Wamentan Sudaryono menjelaskan bahwa kehadiran pemerintah dalam berbagai forum peternak merupakan bagian dari upaya memperkuat koordinasi dan komunikasi dengan para pelaku usaha. Menurutnya, asosiasi berfungsi sebagai jembatan antara pemerintah dan peternak agar kebijakan yang dibuat dapat berjalan lebih efektif.
“Hari ini kita hadir di Rakernas Asosiasi Peternak dan Penggemuk Sapi. Ini adalah asosiasi yang juga salah satu mitra pemerintah. Kita ada asosiasi tebu, hortikultura, termasuk peternakan sapi. Intinya, semua asosiasi ini dibentuk supaya koordinasinya lebih mudah,” jelas Wamentan.
Lebih lanjut, Wamentan menilai keberadaan asosiasi peternak memberikan dampak positif dalam mendukung kebijakan pangan nasional, terutama di era pemerintahan Presiden Prabowo Subianto. Melalui wadah asosiasi, aspirasi peternak dapat tersampaikan secara langsung sekaligus mempermudah pemerintah dalam melakukan pembinaan dan koordinasi lintas sektor.
“Saya kira ini adalah suatu hal yang positif. Era Presiden Prabowo sekarang ini adalah era swasembada pangan. Kebutuhan pangan, sektor pertanian, dan peternakan akan dibereskan. Jadi ini saya kira positif,” tambahnya.
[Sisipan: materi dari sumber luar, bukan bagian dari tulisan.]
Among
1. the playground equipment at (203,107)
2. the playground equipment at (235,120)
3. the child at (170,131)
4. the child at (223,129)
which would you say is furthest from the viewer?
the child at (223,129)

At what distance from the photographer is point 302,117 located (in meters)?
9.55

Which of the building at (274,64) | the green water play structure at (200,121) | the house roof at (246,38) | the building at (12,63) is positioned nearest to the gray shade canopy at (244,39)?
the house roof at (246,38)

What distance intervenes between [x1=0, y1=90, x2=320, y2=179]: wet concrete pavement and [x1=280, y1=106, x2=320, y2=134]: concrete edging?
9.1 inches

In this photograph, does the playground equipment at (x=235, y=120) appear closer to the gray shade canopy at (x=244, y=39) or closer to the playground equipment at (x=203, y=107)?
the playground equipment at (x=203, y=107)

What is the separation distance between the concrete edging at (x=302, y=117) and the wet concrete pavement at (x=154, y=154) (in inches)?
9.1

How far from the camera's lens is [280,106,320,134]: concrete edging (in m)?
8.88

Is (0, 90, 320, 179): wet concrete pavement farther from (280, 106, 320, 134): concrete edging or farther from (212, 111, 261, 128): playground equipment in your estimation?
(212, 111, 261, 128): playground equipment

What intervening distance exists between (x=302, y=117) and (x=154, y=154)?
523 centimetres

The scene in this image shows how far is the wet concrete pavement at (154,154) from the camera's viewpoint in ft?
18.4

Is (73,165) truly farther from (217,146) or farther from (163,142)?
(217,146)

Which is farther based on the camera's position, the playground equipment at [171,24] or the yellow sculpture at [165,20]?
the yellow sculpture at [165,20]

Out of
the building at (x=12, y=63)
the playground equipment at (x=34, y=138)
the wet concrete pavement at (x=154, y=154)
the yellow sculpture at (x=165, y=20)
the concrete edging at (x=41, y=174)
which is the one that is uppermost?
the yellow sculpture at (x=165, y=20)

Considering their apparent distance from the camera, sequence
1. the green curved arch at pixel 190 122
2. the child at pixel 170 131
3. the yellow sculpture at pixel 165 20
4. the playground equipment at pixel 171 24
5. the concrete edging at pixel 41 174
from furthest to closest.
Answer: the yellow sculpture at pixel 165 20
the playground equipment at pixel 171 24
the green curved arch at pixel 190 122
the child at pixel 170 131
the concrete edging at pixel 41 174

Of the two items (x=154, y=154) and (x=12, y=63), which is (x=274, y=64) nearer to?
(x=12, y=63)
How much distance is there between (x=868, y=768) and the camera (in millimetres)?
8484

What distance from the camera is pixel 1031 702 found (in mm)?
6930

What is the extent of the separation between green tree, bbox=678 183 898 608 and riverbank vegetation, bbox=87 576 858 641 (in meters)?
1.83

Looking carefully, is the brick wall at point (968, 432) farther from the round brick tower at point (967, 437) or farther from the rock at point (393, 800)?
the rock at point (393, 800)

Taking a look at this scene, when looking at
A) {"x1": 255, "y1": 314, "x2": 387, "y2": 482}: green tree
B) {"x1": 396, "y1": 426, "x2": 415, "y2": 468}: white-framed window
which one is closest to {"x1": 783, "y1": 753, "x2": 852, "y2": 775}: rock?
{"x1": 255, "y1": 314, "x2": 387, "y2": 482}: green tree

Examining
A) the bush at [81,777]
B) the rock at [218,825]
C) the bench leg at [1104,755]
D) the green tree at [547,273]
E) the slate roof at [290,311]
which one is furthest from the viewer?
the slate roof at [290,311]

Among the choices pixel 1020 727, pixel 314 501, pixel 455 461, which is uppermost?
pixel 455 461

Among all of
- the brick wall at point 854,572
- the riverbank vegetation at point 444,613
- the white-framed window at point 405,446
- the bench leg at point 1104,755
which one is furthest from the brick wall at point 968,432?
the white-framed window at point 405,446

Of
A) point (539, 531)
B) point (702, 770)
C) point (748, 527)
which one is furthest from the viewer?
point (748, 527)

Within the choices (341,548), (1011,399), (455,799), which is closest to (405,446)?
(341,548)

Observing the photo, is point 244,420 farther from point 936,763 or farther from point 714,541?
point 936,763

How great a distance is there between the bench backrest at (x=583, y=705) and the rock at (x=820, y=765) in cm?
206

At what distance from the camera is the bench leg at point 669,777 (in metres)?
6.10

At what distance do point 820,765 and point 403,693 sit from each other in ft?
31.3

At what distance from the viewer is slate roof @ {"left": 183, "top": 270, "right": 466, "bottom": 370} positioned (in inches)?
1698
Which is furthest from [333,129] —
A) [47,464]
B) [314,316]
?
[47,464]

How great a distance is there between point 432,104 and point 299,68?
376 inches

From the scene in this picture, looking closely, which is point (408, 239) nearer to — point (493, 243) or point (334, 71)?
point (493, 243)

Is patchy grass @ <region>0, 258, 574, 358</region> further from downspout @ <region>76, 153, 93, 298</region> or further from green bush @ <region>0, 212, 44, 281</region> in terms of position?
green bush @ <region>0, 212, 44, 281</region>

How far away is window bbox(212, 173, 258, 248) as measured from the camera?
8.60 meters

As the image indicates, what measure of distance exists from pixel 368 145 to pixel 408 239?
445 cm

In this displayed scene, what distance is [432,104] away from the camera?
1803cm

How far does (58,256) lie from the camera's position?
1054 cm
Wamentan juga menekankan bahwa anggota APPSI merupakan pelaku lama di sektor peternakan yang sebelumnya telah aktif dibina pemerintah. Kehadiran asosiasi ini diyakini semakin memudahkan proses koordinasi antara pemerintah dan peternak.
“Ini kan orang-orang lama. Sebelum ada APPSI mereka sudah aktif dibina oleh pemerintah, kemudian mereka membentuk asosiasi yang lebih memudahkan kita untuk koordinasi,” ujarnya.
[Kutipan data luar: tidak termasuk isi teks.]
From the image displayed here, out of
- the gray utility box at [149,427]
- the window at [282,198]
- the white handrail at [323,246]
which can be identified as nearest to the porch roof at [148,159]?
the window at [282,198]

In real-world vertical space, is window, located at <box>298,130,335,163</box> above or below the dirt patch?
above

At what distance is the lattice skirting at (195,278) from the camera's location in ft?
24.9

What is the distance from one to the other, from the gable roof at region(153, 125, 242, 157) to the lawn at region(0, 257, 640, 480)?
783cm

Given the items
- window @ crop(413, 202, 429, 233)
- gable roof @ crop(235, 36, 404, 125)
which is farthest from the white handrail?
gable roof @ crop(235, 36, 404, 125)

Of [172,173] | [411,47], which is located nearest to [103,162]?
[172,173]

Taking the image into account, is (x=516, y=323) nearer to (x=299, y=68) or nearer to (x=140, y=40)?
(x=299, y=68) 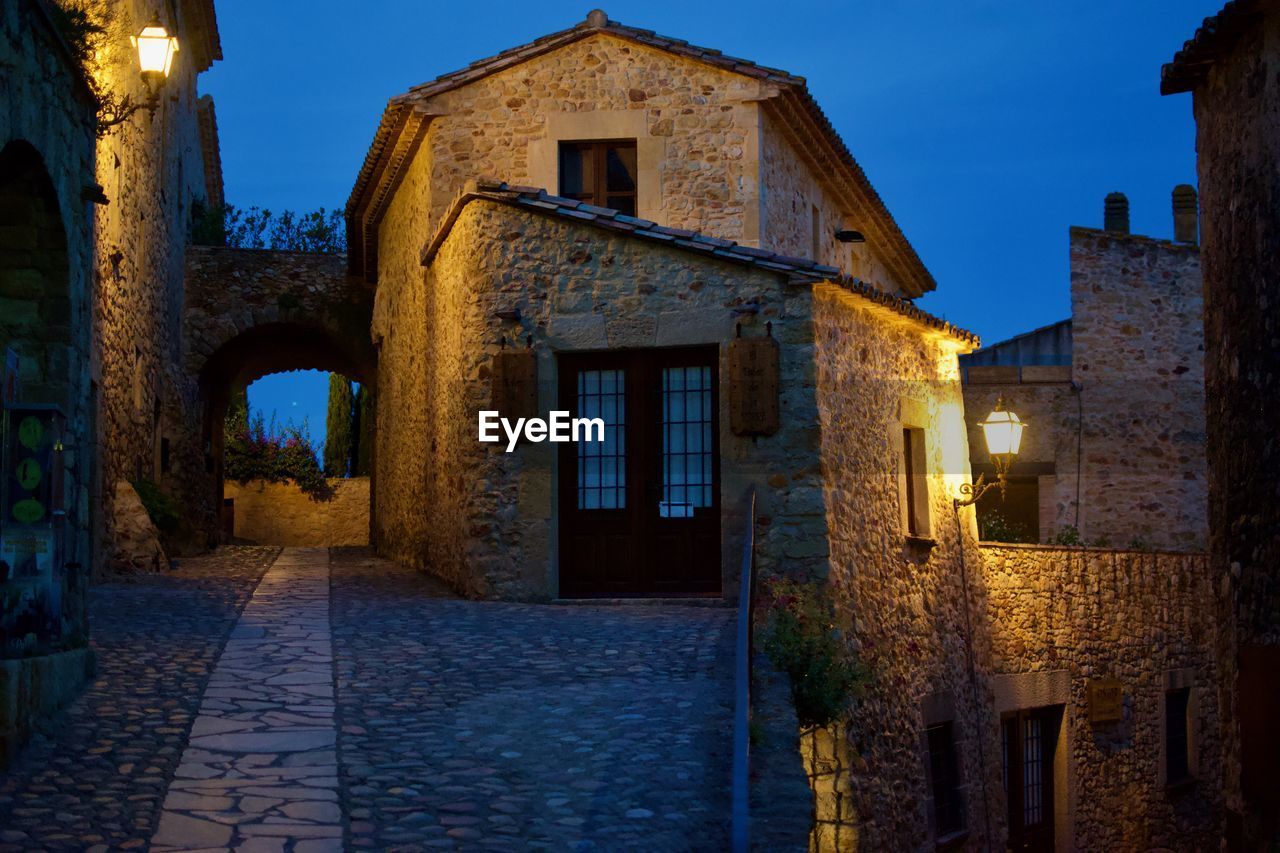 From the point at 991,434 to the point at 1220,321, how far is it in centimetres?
513

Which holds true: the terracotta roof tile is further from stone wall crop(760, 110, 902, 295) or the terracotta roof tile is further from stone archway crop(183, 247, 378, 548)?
stone archway crop(183, 247, 378, 548)

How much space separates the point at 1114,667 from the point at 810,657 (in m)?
7.97

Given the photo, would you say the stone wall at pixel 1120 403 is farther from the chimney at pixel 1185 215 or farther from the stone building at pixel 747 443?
the stone building at pixel 747 443

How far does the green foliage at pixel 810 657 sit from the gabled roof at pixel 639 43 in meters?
6.70

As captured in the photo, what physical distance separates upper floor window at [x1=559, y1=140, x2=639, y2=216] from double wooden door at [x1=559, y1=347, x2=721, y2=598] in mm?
3886

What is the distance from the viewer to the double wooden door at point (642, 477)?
39.1 feet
Rakernas APPSI 2025, yang digelar di Bogor, menjadi momentum penting bagi para peternak dan penggemuk sapi dari berbagai daerah untuk melakukan konsolidasi. Mengusung tema “Meningkatkan Produktivitas dan Kesejahteraan Peternak Menuju Ketahanan Pangan dan Swasembada Sapi di Indonesia”, forum ini juga menjadi ruang dialog antara pemerintah dan asosiasi peternak untuk membahas berbagai isu serta mencari solusi dalam sektor peternakan sapi.
Kementerian Pertanian menegaskan komitmennya untuk terus memperkuat koordinasi dengan asosiasi peternak. Sinergi ini dianggap esensial dalam mewujudkan agenda swasembada pangan nasional, yang membutuhkan kerja sama erat antara pemerintah dan pelaku usaha di lapangan.